The Glass Box DAG records the failure node, the recovery decision, and the outcome. If the system upgraded the model tier and retried, the DAG shows both attempts. If the system returned partial results, the DAG shows which agents completed and which failed.

This is uncomfortable transparency. Most products hide their failures. But hiding failures in an agentic system is worse than showing them, because the user cannot distinguish between “the system did not try” and “the system tried and failed” — and those require very different responses.

PII Masking

One category of decision must be invisible: the system’s handling of personally identifiable information.

DeepHarness’s PII masking runs before data leaves the infrastructure. When a query or data payload contains PII — names, email addresses, phone numbers, identifiers — the masking layer strips or replaces it before the content reaches an external model provider. The Glass Box records that masking occurred and what categories were detected, but does not record the PII itself.

This is the one exception to radical transparency. The system is transparent about the fact that masking happened, and about the policy that triggered it, but not about the content that was masked. This is by design: the transparency is about the decision, not about the data.

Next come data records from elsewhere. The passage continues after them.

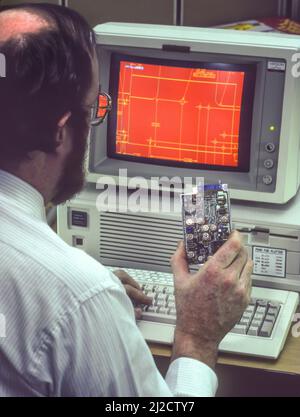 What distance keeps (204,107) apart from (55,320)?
90cm

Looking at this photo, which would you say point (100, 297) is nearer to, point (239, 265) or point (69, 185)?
point (69, 185)

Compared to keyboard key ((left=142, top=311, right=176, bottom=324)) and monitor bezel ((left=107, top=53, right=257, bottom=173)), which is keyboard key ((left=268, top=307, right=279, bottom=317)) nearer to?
keyboard key ((left=142, top=311, right=176, bottom=324))

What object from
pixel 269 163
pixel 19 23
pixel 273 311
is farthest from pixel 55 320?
pixel 269 163

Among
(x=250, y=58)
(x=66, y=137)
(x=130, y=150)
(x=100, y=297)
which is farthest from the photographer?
(x=130, y=150)

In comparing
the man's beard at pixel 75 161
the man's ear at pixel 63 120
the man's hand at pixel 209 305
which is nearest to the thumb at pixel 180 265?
the man's hand at pixel 209 305

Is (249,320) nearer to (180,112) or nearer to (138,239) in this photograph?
(138,239)

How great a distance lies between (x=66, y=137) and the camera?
1359 millimetres

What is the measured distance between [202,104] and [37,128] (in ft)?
2.52

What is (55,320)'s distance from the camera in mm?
1225

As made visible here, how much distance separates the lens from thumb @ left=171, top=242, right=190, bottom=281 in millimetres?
1680

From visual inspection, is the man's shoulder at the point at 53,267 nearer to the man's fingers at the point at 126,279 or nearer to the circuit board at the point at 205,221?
the circuit board at the point at 205,221

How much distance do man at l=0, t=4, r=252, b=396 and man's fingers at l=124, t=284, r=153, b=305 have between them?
53cm

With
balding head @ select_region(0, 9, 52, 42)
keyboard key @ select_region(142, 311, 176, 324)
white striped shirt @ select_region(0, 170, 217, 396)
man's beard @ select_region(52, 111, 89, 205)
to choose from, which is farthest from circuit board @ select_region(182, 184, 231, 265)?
balding head @ select_region(0, 9, 52, 42) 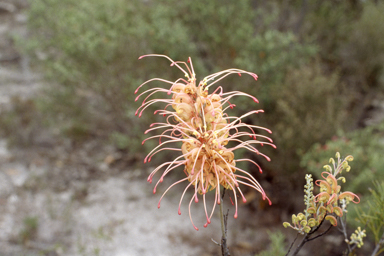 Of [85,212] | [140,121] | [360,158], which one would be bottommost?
[85,212]

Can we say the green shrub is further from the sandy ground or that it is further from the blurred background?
the sandy ground

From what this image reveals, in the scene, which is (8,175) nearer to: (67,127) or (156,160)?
(67,127)

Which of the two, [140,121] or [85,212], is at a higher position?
[140,121]

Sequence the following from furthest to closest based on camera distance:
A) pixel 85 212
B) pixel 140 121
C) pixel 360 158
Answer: pixel 140 121 → pixel 85 212 → pixel 360 158

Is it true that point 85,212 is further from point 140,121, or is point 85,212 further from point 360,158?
point 360,158

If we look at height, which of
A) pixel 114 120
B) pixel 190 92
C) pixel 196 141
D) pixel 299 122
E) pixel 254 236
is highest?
pixel 190 92

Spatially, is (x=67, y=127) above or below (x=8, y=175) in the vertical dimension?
above

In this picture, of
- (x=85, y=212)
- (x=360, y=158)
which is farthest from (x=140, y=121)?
(x=360, y=158)

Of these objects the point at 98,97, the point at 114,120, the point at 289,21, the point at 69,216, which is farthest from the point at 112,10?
the point at 289,21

Why This Enables Enterprise Adoption

Enterprise buyers have a specific concern with AI systems: accountability. When a system makes a decision that affects business operations, someone needs to be able to answer “why did it do that?” with specifics, not with “the AI decided.”

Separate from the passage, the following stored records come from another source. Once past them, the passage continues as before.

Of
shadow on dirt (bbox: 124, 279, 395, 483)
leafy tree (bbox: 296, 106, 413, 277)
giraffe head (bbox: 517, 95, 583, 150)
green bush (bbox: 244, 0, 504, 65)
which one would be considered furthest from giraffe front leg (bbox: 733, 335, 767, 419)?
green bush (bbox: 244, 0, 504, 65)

The Glass Box DAG provides those specifics. Every routing decision has a Q-value justification. Every model selection has a cost-cascade trace. Every delegation has a source, target, and reason. Every failure has a recovery trace. These are not summaries or explanations — they are the actual decision records.

Blueprint governance provides the other half of accountability: authorization. The blueprint is a record of what was approved. The DAG is a record of what happened. The two together answer both “who authorized this?” and “how was it executed?”

This is what trust looks like in an agentic system. Not a trust badge. Not a compliance certification. A structural property of the architecture that makes every decision inspectable, every authorization traceable, and every failure visible.

We call it a Glass Box because that is what it is. You can see everything inside.